◆ **Data to examine**:
- - -
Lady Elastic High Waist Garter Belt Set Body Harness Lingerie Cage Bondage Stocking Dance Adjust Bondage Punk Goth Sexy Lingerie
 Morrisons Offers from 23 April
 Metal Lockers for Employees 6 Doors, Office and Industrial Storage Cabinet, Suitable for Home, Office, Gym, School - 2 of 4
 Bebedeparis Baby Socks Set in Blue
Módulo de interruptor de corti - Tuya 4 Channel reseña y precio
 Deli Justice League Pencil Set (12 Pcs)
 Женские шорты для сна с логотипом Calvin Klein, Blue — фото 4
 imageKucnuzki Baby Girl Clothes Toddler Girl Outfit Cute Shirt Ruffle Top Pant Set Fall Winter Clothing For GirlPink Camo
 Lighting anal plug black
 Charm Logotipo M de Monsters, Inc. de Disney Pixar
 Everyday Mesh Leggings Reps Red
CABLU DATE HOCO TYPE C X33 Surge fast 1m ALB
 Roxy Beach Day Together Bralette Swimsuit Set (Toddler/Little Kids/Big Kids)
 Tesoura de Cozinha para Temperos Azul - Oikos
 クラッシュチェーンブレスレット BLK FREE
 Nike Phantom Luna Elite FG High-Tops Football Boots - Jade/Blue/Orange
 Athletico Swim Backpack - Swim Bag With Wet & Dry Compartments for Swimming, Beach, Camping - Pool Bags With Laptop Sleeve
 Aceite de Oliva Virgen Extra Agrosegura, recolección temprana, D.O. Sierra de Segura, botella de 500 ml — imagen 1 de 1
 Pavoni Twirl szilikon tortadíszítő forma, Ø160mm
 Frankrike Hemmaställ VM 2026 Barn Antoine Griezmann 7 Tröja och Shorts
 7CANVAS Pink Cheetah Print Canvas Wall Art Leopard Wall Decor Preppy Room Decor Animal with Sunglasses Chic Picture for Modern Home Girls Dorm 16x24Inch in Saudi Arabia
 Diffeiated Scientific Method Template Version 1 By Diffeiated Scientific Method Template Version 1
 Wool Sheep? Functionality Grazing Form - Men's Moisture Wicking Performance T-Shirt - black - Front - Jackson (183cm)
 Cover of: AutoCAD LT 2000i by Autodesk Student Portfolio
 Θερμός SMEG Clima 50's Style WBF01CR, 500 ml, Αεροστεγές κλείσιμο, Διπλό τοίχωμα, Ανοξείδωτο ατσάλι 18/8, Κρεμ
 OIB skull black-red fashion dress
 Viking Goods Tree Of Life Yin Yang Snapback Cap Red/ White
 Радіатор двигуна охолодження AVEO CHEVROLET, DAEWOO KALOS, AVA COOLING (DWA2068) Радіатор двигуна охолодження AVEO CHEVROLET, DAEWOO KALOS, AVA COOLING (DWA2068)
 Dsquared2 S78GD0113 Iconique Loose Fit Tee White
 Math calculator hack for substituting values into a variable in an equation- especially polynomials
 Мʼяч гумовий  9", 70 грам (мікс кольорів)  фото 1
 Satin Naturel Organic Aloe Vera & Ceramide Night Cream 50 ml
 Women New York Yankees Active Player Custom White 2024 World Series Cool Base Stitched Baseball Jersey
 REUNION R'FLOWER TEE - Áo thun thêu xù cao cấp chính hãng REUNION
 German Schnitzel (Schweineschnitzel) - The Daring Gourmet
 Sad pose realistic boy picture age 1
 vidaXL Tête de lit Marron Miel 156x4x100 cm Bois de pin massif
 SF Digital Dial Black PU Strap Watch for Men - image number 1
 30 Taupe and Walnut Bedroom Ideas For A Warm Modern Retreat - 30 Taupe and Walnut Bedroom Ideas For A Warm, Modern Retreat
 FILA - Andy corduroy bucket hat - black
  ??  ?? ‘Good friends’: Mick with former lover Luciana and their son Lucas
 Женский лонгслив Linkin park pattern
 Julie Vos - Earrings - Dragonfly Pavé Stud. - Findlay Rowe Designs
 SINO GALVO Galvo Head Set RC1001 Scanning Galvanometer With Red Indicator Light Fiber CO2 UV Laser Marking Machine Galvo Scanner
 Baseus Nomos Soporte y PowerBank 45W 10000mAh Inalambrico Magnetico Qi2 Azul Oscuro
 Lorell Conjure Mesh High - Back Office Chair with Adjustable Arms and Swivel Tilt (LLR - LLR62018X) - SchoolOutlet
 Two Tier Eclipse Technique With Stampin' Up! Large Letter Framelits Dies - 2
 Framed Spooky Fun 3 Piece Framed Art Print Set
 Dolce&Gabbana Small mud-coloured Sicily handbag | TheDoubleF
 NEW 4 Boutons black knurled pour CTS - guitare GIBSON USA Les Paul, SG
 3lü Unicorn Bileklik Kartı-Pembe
- - -
◆ **Task description**:
From the records above, copy only the lines starting with the line that holds "Deli Justice League Pencil Set (12 Pcs)" and going on through the line that holds "Math calculator hack", exactly as written.

◆ **Solution to the exercise**:
 Deli Justice League Pencil Set (12 Pcs)
 Женские шорты для сна с логотипом Calvin Klein, Blue — фото 4
 imageKucnuzki Baby Girl Clothes Toddler Girl Outfit Cute Shirt Ruffle Top Pant Set Fall Winter Clothing For GirlPink Camo
 Lighting anal plug black
 Charm Logotipo M de Monsters, Inc. de Disney Pixar
 Everyday Mesh Leggings Reps Red
CABLU DATE HOCO TYPE C X33 Surge fast 1m ALB
 Roxy Beach Day Together Bralette Swimsuit Set (Toddler/Little Kids/Big Kids)
 Tesoura de Cozinha para Temperos Azul - Oikos
 クラッシュチェーンブレスレット BLK FREE
 Nike Phantom Luna Elite FG High-Tops Football Boots - Jade/Blue/Orange
 Athletico Swim Backpack - Swim Bag With Wet & Dry Compartments for Swimming, Beach, Camping - Pool Bags With Laptop Sleeve
 Aceite de Oliva Virgen Extra Agrosegura, recolección temprana, D.O. Sierra de Segura, botella de 500 ml — imagen 1 de 1
 Pavoni Twirl szilikon tortadíszítő forma, Ø160mm
 Frankrike Hemmaställ VM 2026 Barn Antoine Griezmann 7 Tröja och Shorts
 7CANVAS Pink Cheetah Print Canvas Wall Art Leopard Wall Decor Preppy Room Decor Animal with Sunglasses Chic Picture for Modern Home Girls Dorm 16x24Inch in Saudi Arabia
 Diffeiated Scientific Method Template Version 1 By Diffeiated Scientific Method Template Version 1
 Wool Sheep? Functionality Grazing Form - Men's Moisture Wicking Performance T-Shirt - black - Front - Jackson (183cm)
 Cover of: AutoCAD LT 2000i by Autodesk Student Portfolio
 Θερμός SMEG Clima 50's Style WBF01CR, 500 ml, Αεροστεγές κλείσιμο, Διπλό τοίχωμα, Ανοξείδωτο ατσάλι 18/8, Κρεμ
 OIB skull black-red fashion dress
 Viking Goods Tree Of Life Yin Yang Snapback Cap Red/ White
 Радіатор двигуна охолодження AVEO CHEVROLET, DAEWOO KALOS, AVA COOLING (DWA2068) Радіатор двигуна охолодження AVEO CHEVROLET, DAEWOO KALOS, AVA COOLING (DWA2068)
 Dsquared2 S78GD0113 Iconique Loose Fit Tee White
 Math calculator hack for substituting values into a variable in an equation- especially polynomials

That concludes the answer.